Collaboration and Competition: Balkanization vs. Bounded Cohabitation

Small collaborative groups often exist in isolation or in competition with other groups within an organization.

Unhealthy Competition: Balkanization1

This is the second pattern of collaboration that entrenches status quo (see Contrived Collegiality).

balkanize:

  1. : to break up (as a region or group) into smaller and often hostile units
  2. : divide, compartmentalize <now pop culture has been balkanized; it is full of niches, with different groups watching and playing their own things — Richard Corliss>

Balkanization

In a Balkanized environment, one team’s win is another team’s loss or, at least, one team’s loss is not every team’s loss.

A company that organizes itself by specialty and doesn’t matrix well to projects lends itself to balkanization but leadership can encourage politics under any structure if they distribute rewards based on unclear, unfair or arbitrary criteria.

Valuable learning in one group is not communicated or is disputed and not widely adopted. Managers drive to surface shows of success. Individuals are not encouraged to true joint work across organizational boundaries.

Agile is often introduced bottom up without executive sponsors in less than optimal cultures. In this context, development teams have dependencies on teams that do not buy into agile values. Developers are separated from decisions about opportunities, product portfolios, potential revenues, and product features. This is both a fragile place for agile teams and also diminishes opportunity for the company.

Healthy Competition: Bounded Cohabitation

Internal competition can be used to spur original thinking and organizational change.

Nonaka and Takeuchi describe a concept of “bounded cohabitation” where teams are set in productive competition with each team pursuing a different set of premises and value propositions all geared toward the same outcome.2

The example they use is detective work. One approach is to form autonomous teams around different premises: premeditated murder, crime of passion, accident, natural causes, etc.
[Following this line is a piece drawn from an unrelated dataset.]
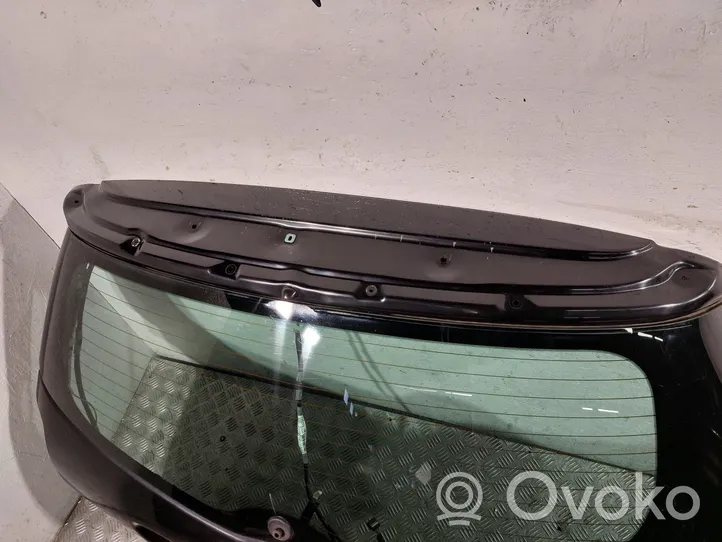 Toyota Verso Tailgate/trunk/boot lid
Let the teams self-organize assembling the appropriate numbers with relevant skills and experience for their specific premise.

The teams investigate independent of each other. Under their premise, each team may look past evidence others find relevant but also follow leads other teams wouldn’t think to pursue. Eventually, one team establishes the most plausible course of events. The shared outcome is met and the teams re-organize around the next investigation.
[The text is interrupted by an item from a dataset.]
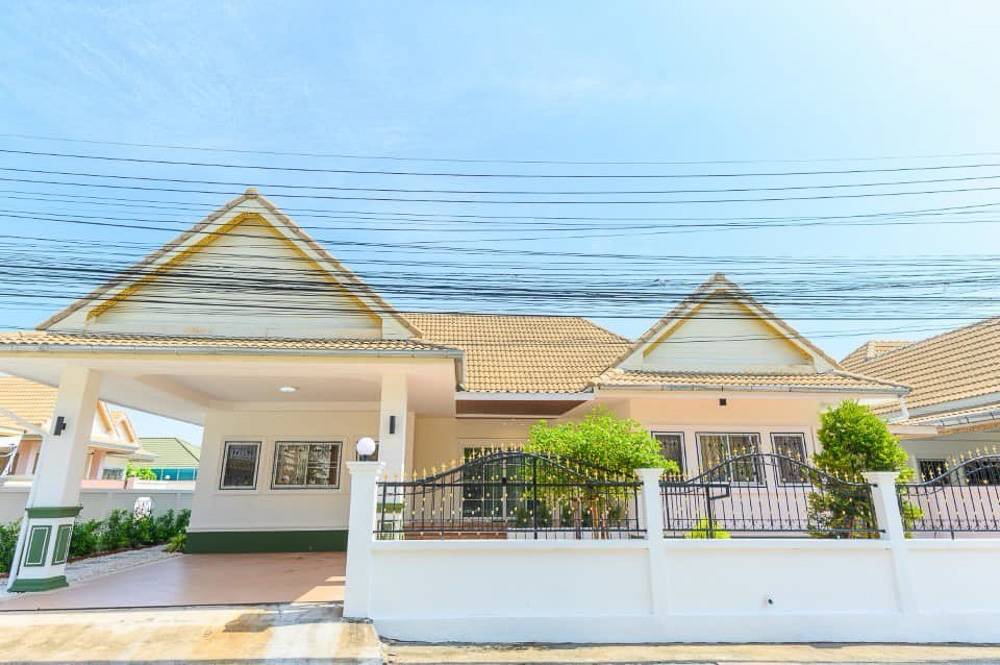 Family Villa for Sale in Boon Samphan-2 EP0074 | 3-BR Family Villa for Sale in Boon Samphan, East Pattaya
Japanese manufactures often form multiple engineering teams around the same design challenge; e.g., an engine meeting novel requirements of size, efficiency and performance. They adopt the best solution incorporating other good ideas into the current or future products.

In one case, Sony merged two teams pursuing different product strategies: (1) an evolution in video tape players and (2) a revolutionary digital non-linear editor.
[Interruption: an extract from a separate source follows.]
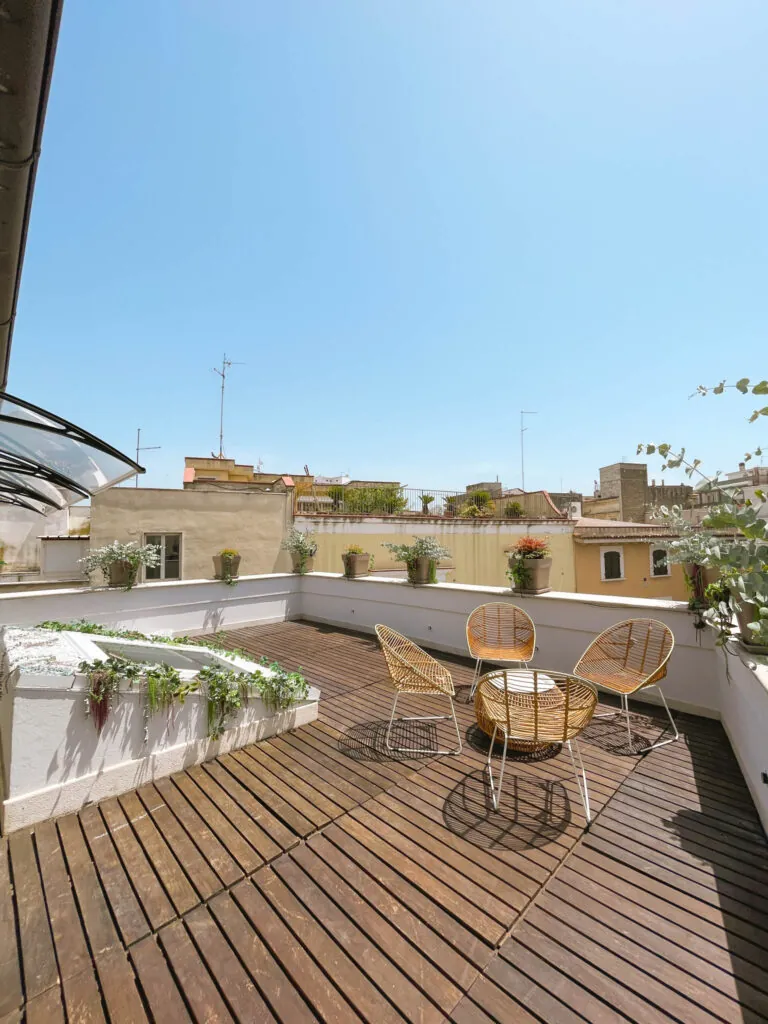La terrazza privata della camera Fos con tavolo e sedie in vimini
Synthesizing those world views resulted in the digital video editor with engineer-friendly analog controls that broadcast centers could rack into their existing facilities. This new technology with a familiar form factor created a new market that Sony decks dominated.

An executive sponsoring agile adoption must strive for healthy internal competition. Carve out self-organizing teams. Encourage them to follow their own paths to a clear, common goal. Mutually agree upon performance measures. Retrospect across teams to determine what’s working and why. Allow for wrong paths, allow for variation and embrace the unexpected.

The concepts and examples in this post are drawn from:

1 Hargreaves A. and Fullan M., What’s Worth Fighting for in Your School?, Teacher’s College Press, New York, 1991.

2 Nonaka, I. and Takeuchi, H., Hitotsubashi on Knowledge Management, John Wiley and Sons, Asia, 2004.